JCB's Ruminations on the Craft of Fiction #55
June 10, 2021
This week I’d like to talk about the advice to "write what you know" and how I thought about it while drafting a recent story. There are many ways to (mis-)understand the advice to write what we know, and by no means do I mean to explain the definitive purpose of this advice. Like all advice, if it works for you, and it helps you create something good, it’s useful.
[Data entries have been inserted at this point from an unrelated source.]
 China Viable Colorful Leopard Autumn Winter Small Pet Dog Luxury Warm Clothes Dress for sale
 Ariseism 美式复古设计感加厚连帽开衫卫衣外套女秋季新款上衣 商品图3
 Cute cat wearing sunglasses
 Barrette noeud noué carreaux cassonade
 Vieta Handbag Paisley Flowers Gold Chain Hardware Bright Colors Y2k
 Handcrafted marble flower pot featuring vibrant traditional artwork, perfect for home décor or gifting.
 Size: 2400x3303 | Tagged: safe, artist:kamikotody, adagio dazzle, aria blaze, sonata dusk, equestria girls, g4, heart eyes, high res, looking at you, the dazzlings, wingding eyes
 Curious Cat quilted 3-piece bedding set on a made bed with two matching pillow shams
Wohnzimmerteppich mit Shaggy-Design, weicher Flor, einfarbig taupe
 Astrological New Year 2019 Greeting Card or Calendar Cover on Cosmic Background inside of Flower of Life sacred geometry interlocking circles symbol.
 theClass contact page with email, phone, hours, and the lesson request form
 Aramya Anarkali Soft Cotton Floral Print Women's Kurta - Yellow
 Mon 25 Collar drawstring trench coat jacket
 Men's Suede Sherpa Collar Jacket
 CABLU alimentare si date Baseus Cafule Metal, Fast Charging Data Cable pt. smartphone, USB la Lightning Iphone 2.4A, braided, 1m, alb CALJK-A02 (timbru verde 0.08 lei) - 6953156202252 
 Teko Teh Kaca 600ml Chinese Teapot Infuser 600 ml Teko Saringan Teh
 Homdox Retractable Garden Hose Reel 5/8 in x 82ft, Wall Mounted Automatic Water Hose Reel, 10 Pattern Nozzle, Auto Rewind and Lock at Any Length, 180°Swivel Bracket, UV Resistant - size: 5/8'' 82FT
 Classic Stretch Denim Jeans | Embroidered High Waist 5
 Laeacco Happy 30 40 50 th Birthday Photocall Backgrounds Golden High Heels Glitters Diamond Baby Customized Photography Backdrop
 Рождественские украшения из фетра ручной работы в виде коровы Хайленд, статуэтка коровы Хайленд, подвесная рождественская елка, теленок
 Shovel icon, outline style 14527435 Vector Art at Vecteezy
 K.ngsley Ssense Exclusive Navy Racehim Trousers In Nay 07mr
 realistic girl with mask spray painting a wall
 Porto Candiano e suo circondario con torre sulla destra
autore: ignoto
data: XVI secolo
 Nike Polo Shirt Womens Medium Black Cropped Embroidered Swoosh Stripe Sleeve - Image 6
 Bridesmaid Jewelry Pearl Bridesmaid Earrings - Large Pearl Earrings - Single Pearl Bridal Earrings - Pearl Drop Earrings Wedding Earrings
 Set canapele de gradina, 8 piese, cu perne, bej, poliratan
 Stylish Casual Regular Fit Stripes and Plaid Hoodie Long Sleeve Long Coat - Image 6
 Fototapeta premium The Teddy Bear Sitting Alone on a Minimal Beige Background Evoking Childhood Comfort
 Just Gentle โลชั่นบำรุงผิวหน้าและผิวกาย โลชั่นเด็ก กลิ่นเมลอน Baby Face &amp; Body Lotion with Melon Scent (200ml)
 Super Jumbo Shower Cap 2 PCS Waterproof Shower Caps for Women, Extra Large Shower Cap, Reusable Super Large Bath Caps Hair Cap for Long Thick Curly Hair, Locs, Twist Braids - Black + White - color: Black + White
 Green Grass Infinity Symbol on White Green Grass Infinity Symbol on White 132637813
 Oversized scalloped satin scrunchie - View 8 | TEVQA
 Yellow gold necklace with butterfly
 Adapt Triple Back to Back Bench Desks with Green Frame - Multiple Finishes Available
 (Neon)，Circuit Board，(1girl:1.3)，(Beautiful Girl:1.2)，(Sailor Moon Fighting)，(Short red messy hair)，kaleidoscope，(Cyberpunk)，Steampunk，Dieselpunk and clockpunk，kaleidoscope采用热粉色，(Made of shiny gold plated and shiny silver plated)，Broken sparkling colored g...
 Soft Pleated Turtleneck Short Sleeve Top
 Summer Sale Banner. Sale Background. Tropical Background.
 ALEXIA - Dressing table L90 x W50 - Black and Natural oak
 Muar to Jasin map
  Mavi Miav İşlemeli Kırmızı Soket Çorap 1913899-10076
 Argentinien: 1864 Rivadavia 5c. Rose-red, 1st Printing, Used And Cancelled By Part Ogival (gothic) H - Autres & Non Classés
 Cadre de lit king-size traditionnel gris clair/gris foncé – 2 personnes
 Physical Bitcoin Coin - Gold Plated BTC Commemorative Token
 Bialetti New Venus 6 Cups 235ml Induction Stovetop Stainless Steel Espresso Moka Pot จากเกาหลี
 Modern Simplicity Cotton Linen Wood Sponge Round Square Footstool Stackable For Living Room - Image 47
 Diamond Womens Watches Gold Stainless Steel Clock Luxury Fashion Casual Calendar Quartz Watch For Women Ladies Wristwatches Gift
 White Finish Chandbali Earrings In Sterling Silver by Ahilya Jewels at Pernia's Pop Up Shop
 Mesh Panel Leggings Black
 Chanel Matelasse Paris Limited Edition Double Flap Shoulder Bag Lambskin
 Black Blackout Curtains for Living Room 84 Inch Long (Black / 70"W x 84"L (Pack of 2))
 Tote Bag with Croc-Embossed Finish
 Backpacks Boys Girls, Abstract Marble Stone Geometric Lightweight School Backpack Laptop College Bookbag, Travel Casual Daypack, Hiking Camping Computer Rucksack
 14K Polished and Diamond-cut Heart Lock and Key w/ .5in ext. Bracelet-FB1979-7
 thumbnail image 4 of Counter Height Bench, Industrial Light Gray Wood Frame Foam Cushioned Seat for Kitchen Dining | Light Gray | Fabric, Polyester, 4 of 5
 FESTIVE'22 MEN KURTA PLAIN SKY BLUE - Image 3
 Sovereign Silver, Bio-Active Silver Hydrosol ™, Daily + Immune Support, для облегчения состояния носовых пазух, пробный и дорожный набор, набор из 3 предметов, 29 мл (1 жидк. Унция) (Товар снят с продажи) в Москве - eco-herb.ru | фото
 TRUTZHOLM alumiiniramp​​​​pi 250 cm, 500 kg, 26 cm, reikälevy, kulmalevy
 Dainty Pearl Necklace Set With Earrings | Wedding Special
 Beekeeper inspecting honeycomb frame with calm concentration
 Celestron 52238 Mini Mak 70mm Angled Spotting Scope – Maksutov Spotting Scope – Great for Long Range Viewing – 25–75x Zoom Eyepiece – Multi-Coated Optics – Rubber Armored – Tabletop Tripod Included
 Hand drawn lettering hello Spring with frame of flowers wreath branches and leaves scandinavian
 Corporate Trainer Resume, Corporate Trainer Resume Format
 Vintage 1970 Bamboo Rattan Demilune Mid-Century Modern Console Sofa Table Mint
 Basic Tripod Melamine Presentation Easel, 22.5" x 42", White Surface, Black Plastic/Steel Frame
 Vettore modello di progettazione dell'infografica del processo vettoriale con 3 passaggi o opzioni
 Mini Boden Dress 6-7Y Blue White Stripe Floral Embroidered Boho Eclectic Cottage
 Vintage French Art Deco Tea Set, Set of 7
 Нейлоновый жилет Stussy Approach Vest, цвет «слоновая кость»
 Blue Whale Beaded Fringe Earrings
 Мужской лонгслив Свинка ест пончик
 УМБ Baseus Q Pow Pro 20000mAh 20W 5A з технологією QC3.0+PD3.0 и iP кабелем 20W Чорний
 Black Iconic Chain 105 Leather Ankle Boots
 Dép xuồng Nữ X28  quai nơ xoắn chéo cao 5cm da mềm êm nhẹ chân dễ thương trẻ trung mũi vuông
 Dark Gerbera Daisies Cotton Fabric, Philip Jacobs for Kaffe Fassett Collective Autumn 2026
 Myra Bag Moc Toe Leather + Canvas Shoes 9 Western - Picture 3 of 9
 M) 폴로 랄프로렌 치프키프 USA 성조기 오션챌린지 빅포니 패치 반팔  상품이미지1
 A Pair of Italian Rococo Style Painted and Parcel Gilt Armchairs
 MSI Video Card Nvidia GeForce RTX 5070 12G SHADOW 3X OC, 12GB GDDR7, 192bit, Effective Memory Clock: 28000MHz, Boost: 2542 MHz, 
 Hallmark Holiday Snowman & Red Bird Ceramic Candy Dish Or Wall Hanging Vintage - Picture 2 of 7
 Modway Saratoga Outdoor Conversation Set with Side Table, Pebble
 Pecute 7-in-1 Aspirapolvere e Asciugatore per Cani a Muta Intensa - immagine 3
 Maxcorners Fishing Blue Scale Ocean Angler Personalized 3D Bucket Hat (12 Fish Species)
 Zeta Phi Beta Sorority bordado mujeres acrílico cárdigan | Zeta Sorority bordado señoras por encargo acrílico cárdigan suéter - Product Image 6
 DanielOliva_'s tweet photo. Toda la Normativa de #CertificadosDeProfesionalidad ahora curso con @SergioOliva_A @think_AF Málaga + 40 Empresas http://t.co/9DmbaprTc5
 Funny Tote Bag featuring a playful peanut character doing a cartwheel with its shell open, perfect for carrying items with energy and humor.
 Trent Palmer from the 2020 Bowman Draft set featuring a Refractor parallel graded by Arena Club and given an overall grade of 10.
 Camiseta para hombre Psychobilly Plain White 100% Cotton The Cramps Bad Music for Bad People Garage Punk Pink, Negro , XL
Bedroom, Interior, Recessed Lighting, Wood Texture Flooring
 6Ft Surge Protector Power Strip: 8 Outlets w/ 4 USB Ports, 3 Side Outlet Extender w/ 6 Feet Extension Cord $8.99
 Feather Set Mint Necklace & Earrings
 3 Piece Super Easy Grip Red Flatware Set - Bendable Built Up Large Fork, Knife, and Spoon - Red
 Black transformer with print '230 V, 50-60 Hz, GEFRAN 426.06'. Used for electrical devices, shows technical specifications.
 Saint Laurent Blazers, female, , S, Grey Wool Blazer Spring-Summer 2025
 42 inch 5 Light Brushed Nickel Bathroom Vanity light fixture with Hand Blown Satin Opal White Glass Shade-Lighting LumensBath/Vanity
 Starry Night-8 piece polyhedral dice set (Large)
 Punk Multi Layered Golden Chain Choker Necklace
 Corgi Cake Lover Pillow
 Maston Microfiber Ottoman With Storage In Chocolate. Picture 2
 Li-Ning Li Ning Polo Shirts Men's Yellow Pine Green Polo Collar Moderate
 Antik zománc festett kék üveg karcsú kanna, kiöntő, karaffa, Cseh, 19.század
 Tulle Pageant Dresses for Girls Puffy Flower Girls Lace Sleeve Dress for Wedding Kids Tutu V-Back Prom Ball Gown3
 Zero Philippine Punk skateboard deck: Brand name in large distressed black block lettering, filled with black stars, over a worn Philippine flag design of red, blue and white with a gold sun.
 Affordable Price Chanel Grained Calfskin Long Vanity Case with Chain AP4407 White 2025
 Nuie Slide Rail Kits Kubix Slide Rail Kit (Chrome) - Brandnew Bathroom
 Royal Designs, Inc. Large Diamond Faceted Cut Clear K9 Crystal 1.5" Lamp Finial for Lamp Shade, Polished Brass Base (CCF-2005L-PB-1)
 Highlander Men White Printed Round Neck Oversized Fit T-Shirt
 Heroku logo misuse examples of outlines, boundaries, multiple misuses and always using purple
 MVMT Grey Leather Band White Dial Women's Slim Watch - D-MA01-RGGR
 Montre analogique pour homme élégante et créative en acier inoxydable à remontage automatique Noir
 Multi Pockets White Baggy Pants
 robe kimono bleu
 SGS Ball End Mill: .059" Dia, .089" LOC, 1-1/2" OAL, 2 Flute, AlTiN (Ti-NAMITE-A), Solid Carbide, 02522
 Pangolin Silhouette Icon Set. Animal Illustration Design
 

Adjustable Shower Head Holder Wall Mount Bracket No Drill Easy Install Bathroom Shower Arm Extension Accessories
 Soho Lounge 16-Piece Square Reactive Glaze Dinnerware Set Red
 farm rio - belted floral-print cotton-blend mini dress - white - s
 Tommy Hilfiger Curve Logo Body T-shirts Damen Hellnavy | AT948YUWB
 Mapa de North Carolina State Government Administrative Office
I’ve wanted to write a story about swimming for a long time, and I collected together a vague list of my real-life swimming adventures and escapades. They were the kinds of stories I might tell in casual conversation, a little bit of a "there was this one time--" about them. I knew all the sensory and significant details, the important moments and the boring parts I could easily leave off the page. In this way, in this particular case, to write what I know was to write about swimming. The problem was that because these vignettes were all true, there was no connected story behind them except my own love of swimming and freediving. What I didn’t have was a story.
I needed something to bring it all together, to give purpose to the telling. In fact, I realized I didn’t really have a character, because there’s nothing about me in particular that would make me the obvious protagonist in a story about those situations. So I asked myself, What kind of a person might be a person compelled to swim so much? The key for me was to consider the compulsion: why was he swimming? Was he trying to escape something? What drove him into the water? Once I began to answer that question, to figure out why, the rest of the character’s life started to fall into place: there’s a trauma in his past for which he uses swimming to cope and escape. And obviously the trauma has to come back as a part of the story, and it has to confront him somehow, even if it’s only metaphorically and he’s not consciously aware that’s what’s happening. The trauma, I decided, should involve swimming. And as soon as I hung concrete specifics for the character onto that structure, I had a story, and the writing was easy. Well. "Easy."
In the end, I was able to write about all of my past swimming adventures, and it was delightful when little real-life details found new meaning in the eyes of the character I’d invented for the story. A mere curiosity from my past could become a representative metaphor for him. And because I was writing what I know so well, there was quite a lot to pull from.